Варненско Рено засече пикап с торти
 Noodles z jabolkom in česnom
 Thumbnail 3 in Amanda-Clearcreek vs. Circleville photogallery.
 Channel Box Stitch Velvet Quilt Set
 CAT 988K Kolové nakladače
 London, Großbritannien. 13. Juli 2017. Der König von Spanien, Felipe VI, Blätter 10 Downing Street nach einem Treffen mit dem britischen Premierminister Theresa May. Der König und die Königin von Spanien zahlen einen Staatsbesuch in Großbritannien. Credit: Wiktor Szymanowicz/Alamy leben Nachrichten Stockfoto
-------
Look for the line with "Thumbnail 3 in" in the records above. Repeat it and each line after it exactly.

RESULT ▸
 Thumbnail 3 in Amanda-Clearcreek vs. Circleville photogallery.
 Channel Box Stitch Velvet Quilt Set
 CAT 988K Kolové nakladače
 London, Großbritannien. 13. Juli 2017. Der König von Spanien, Felipe VI, Blätter 10 Downing Street nach einem Treffen mit dem britischen Premierminister Theresa May. Der König und die Königin von Spanien zahlen einen Staatsbesuch in Großbritannien. Credit: Wiktor Szymanowicz/Alamy leben Nachrichten Stockfoto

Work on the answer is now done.